I love the way the color starts at the vein. The whole tree was like that! Then they were down after quite a blowing rainstorm this weekend.
The Weather in Aurora
It's been Fall like weather, highs in the 50's and lows below freezing. We had some cloudy days and rain, but today has a little sun. I'm sad to say goodbye to my pretty flowers out back. We're covering them at night but it won't be long before we say bye bye for the winter and rely on Christmas lights for some color.
Milo and I had some scrambled egg whites with cheese. I take a whole carton, scramble them with cheese and butter, pull some out for him, then I mix in some chives, garlic and paprika for us. There is enough for us all to have some for a few days after.
I love being home! I need peace and quiet in my life now.
The usual maintenance chores that every house needs, as a house is always asking for something. I'd like to mop all the wood floors today and try again to clean the hardwater off the shower walls. Vinegar didn't do it like it did in MD. Shampoo didn't do it. I have to turn to Mr Clean Eraser next and chemicals as last resort.

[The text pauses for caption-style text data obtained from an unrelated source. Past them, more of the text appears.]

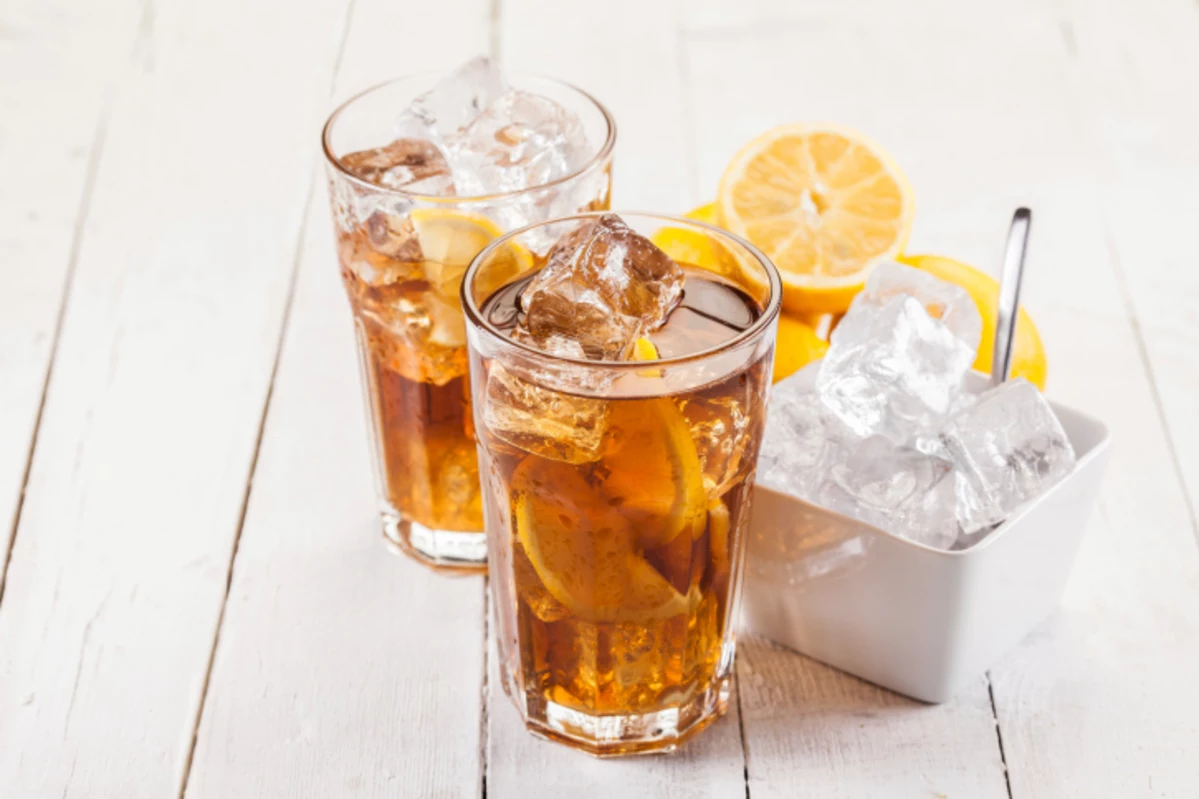 Холодный чай в домашних условиях. Лонг Айленд айс ти. Напитки со льдом. Чай со льдом. Лимонад со льдом.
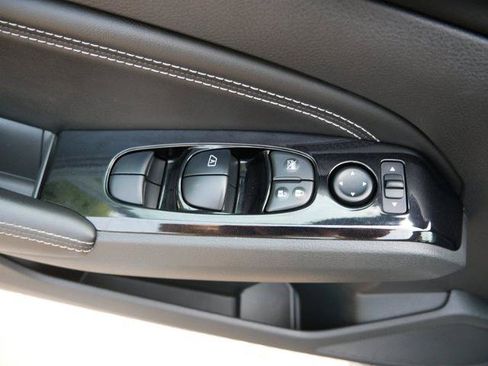 Certified 2023 Nissan Altima 2.5 SL AWD/4WD image 17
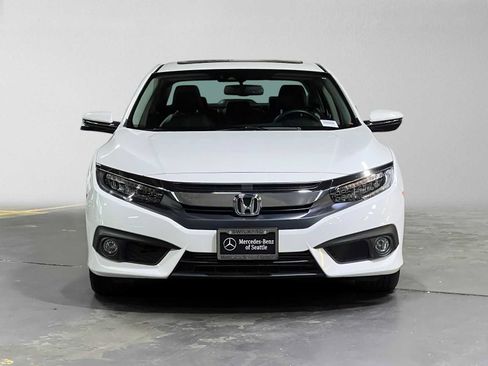 Used 2018 Honda Civic Touring image 8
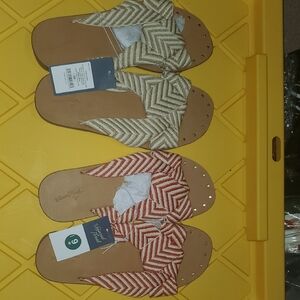 2 Women's Chevron Pattern Sandals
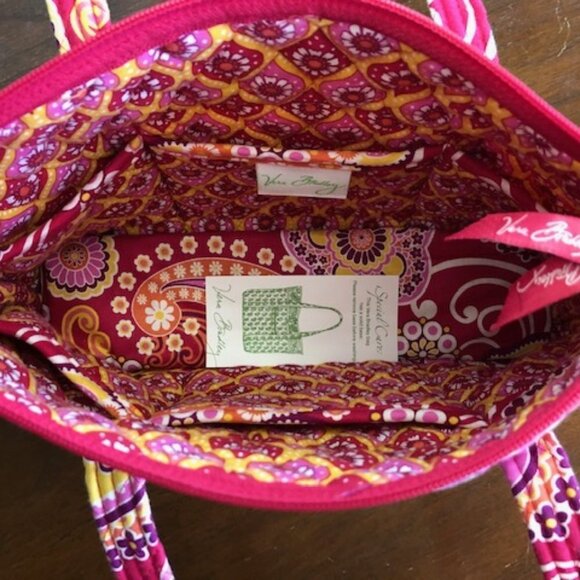 VERA BRADLEY RASPBERRY FIZZ 2008 Purse/Cosmetic Bag Set - Picture 13 of 16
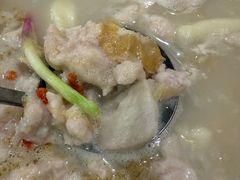 -老来福·非遗酸汤兔(凯旋路店)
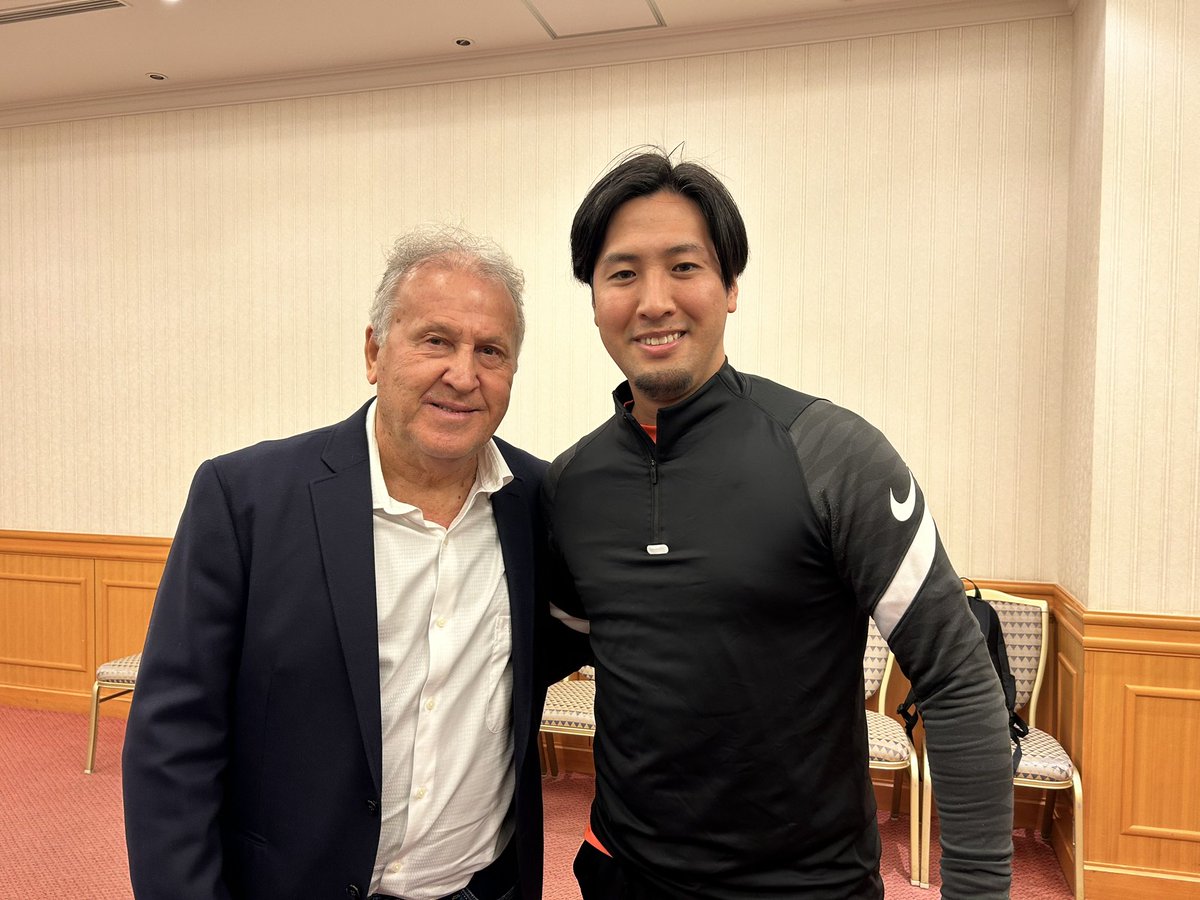 【第37回全国法曹サッカー大会in鹿島】
東京Bは優勝した神戸1に惜敗したものの、堂々の3位入賞！🥉
大会関係者の皆様、2日間本当にありがとうございました！⚽️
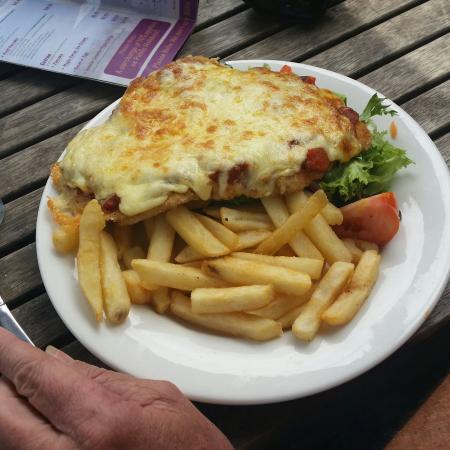 Brownz Courtyard Cafe - Cruises Travel 0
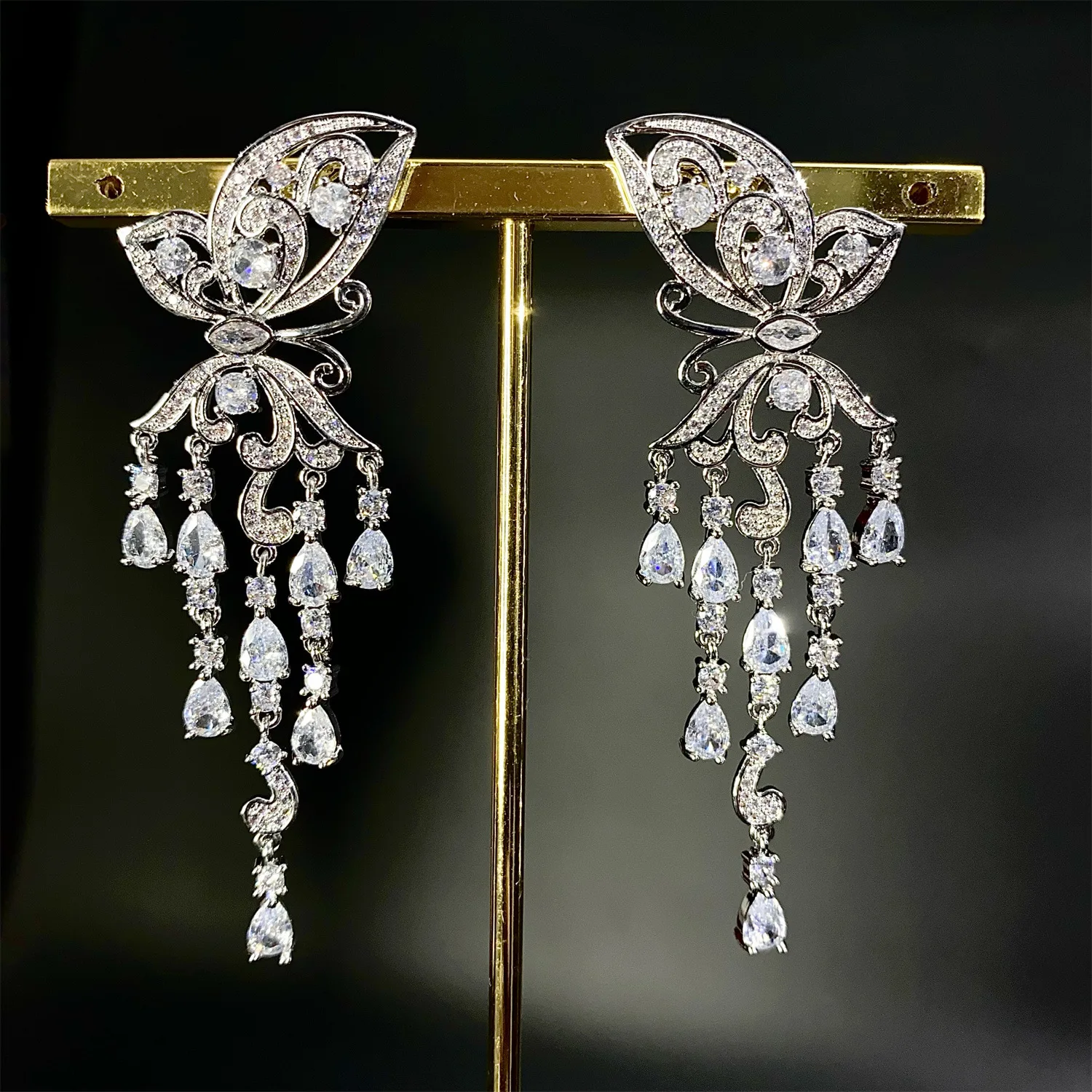 luxury earrings butterfly silver color zirconia shiny jewelry women wedding dinner party anniversary gift banquet
luxury earrings butterfly silver color zirconia shiny jewelry women wedding dinner party anniversary gift banquet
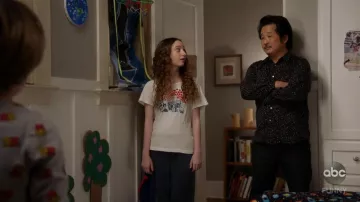 RE/DONE Camiseta de algodón impresa de las Hermanas del Mundo usada por Mae (Olivia Keville) en Splitting Up Together (S02E12)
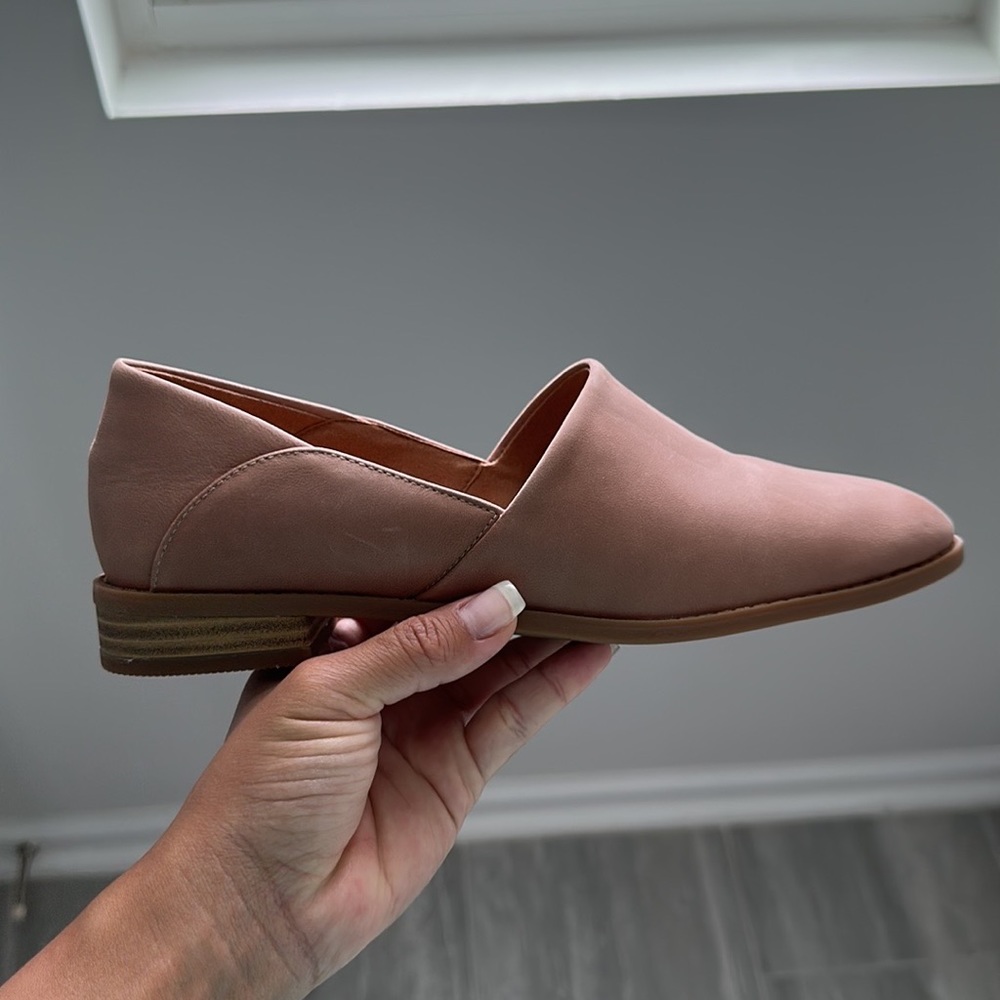 NWOT Clarks Leather Loafer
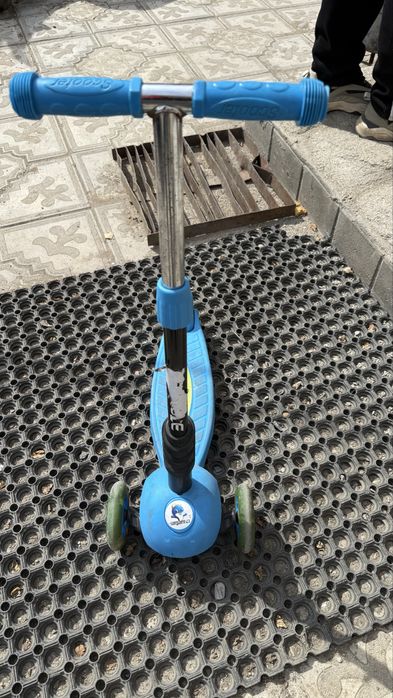 самокат детский трёхколёсный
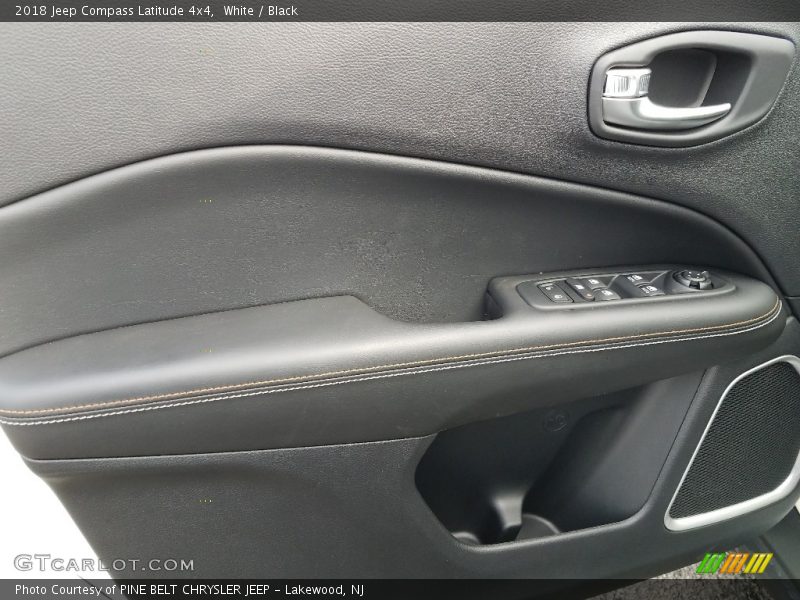 White / Black 2018 Jeep Compass Latitude 4x4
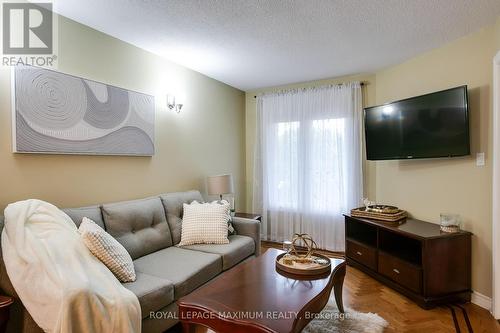 3214 Pilcom Crescent, Mississauga, ON - Indoor Photo Showing Living Room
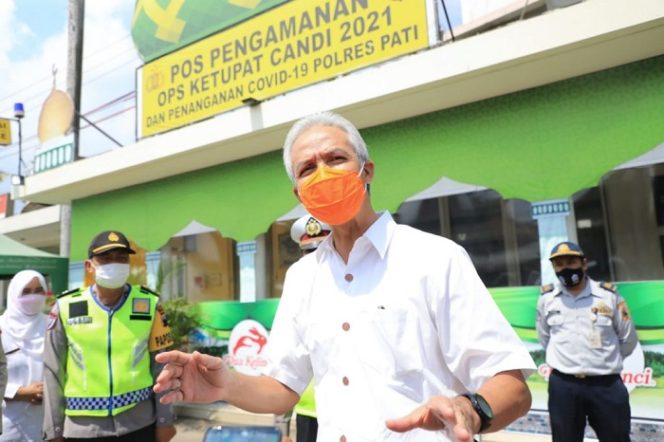 					Gubernur Jawa Tengah Ganjar Pranowo melakukan pengecekan Pos Penyekatan Kudus-Pati, Kamis (12/5/2021).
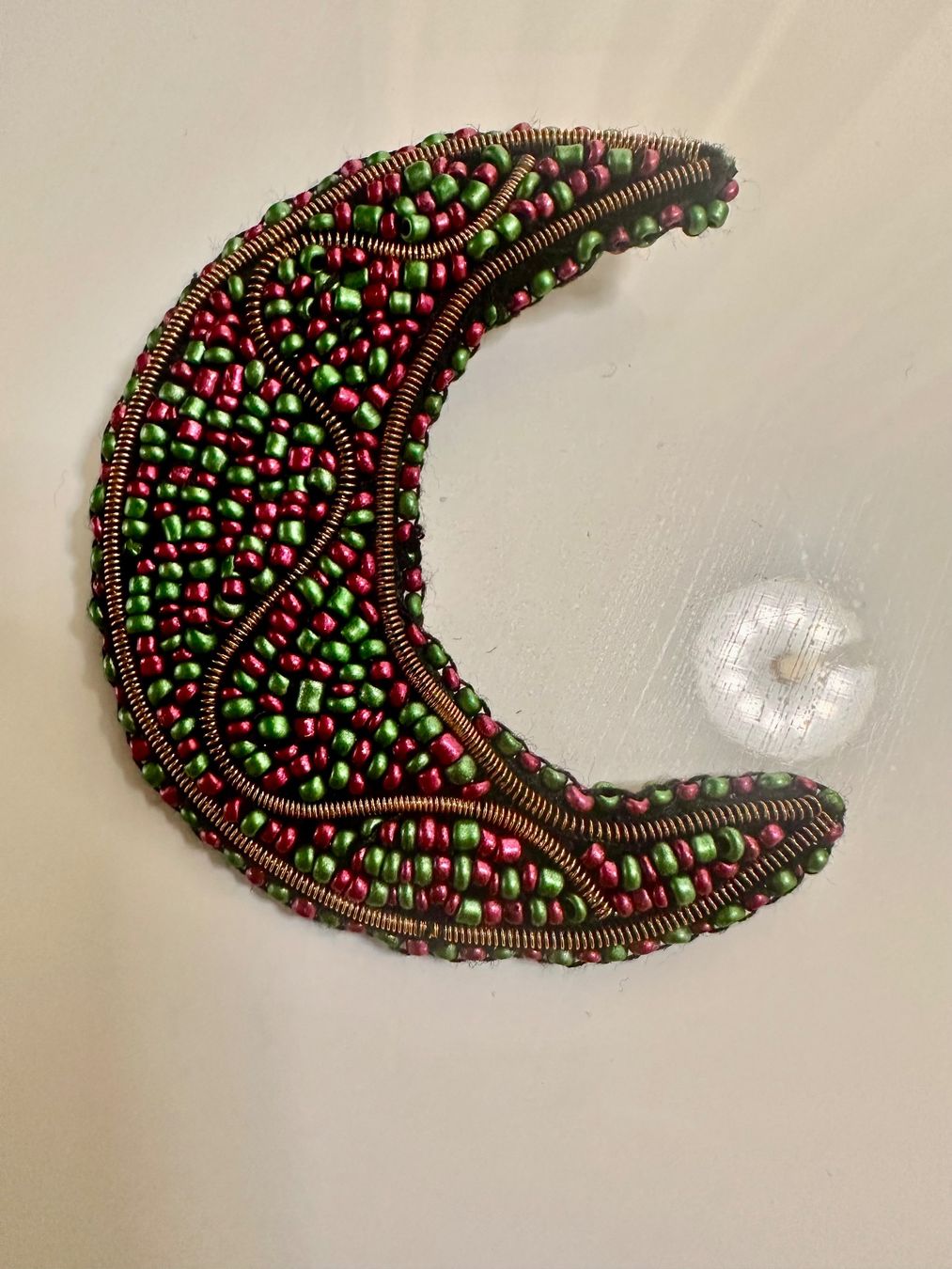 Spille & Fermagli: Handmade Beaded Crescent Moon Brooch Pin – Nuovo (secondo la descrizione) da Oftringen venduto da Eylem79 6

I have to write tomorrow's blog post on my latest STAT quilt, an ongoing study of famous artists and their styles. A friend in DC does this hop and each of us chooses to make a piece inspired by another artist. I approach the challenge by researching the artist, this time my choice is Vermeer. More tomorrow, please come see what I made.
Walk lots, drink more water, eat better.
I already put away the Halloween seasonal kitchen towels and took out the Fall ones to use. We changed the clocks to the new time.
Water the plants... I brought some in for the winter, and must remember to water them daily as it's very dry here. The skin on my thumbs has cracked and is painful. Green growing plants clean the air for us, and put out oxygen so I have to take care of them.
Living things need care.
I've been watching Who Do You Think You Are UK , on Youtube again. We also liked the law series on BBC Ireland show "Striking out". Good actors, fresh plot lines, not gory. We are finishing up Murdoch Mysteries season 13 out of Canada, and 800 words (LOVE) out of NZ too.
I am way into Survivor this season, and dancing with the stars as always, This is us. I am trying to like New Amsterdam and A million little things. I have come to like the Good Doctor. Love PBS The Durells and still trying to figure out where "jamestown" is shown. I saw one episode and poof! gone
What happened to daytime TV? I mean, hundreds of channels and nothing interesting to me?
I finally finished Agony of the Leaves tea shop mysteries, and started a new book described as charming. Since I fell asleep after one chapter, time will tell.
I hope to listen to this book on CD while I sort things in the studio this week...
By the way...
what's the deal with Christmas decorations going up before Halloween??!
I like to live in the season, and folks, it's fall and Thanksgiving is weeks in the future!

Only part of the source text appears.